● **PROVIDED MATERIAL**
****************
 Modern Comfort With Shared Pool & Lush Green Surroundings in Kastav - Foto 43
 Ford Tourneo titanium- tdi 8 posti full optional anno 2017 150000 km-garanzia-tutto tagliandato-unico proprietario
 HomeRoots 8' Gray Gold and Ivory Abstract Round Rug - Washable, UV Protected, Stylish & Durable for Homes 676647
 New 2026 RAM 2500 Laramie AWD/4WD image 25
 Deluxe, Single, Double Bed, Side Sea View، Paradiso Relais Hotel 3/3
****************
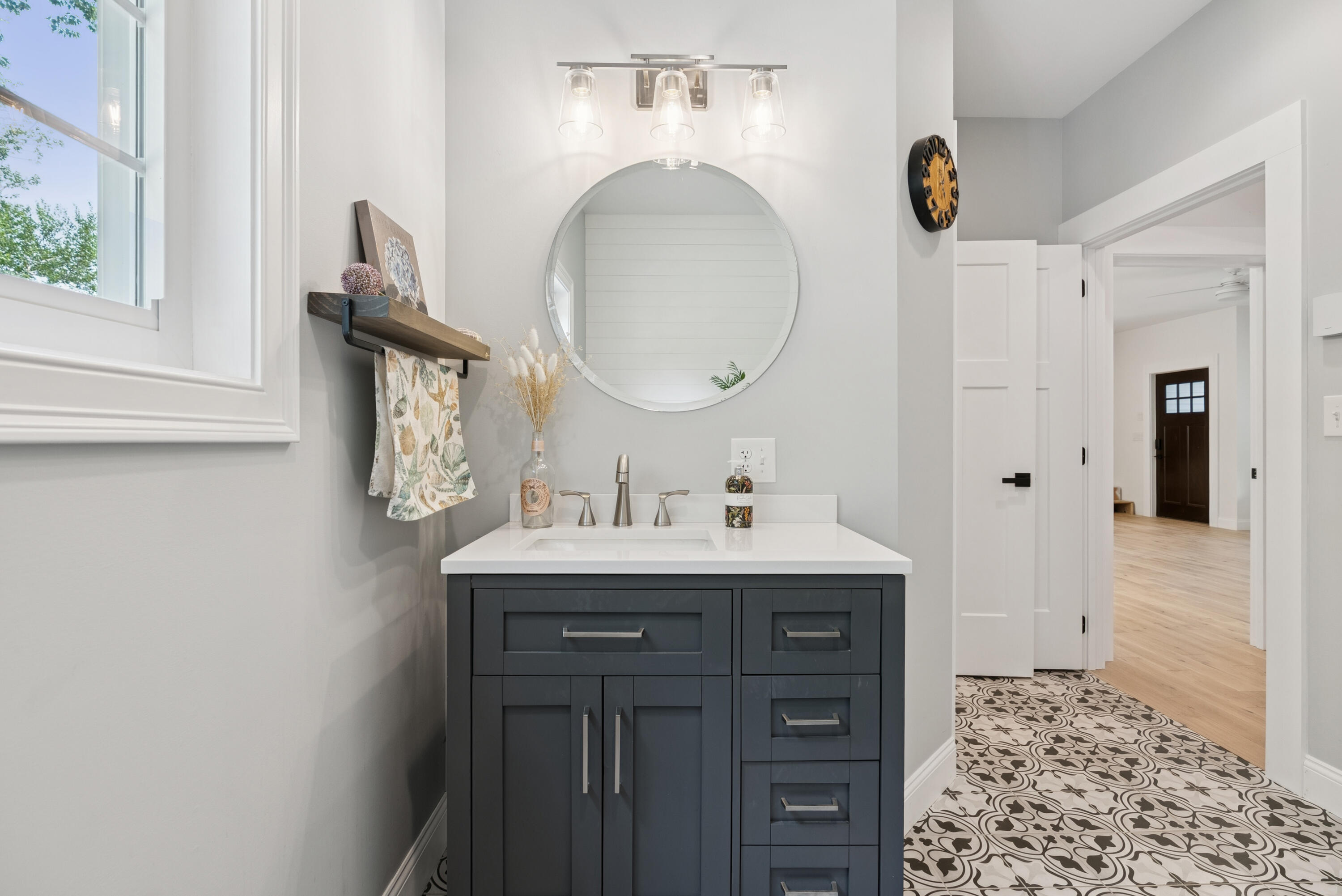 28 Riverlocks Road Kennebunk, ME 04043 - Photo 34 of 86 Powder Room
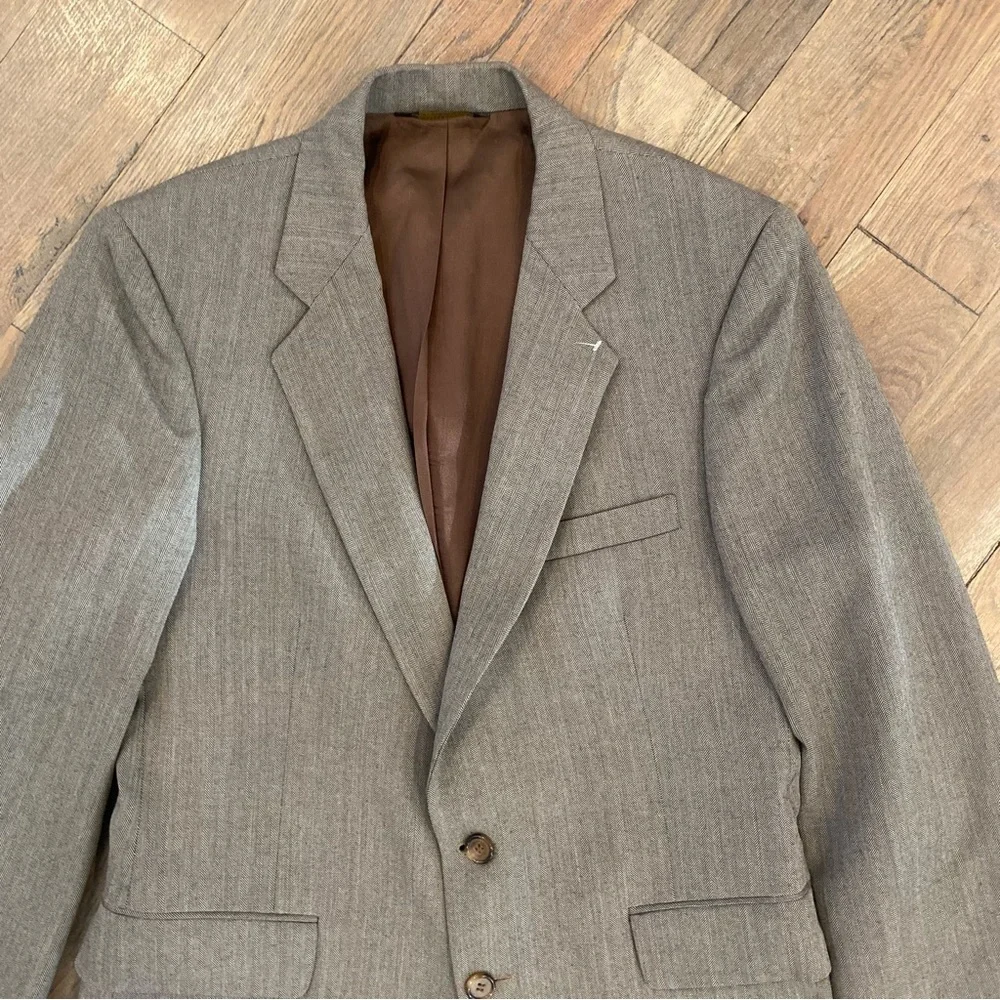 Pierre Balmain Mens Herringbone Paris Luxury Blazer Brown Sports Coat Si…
****************
● **WHAT IS EXPECTED**
Give an exact copy of the lines above from the line with "New 2026 RAM 2500 Laramie AWD/4WD image 25" up to and including the line with "Deluxe, Single, Double", and leave everything else out.

● **ANSWER TO THIS EXERCISE**
 New 2026 RAM 2500 Laramie AWD/4WD image 25
 Deluxe, Single, Double Bed, Side Sea View، Paradiso Relais Hotel 3/3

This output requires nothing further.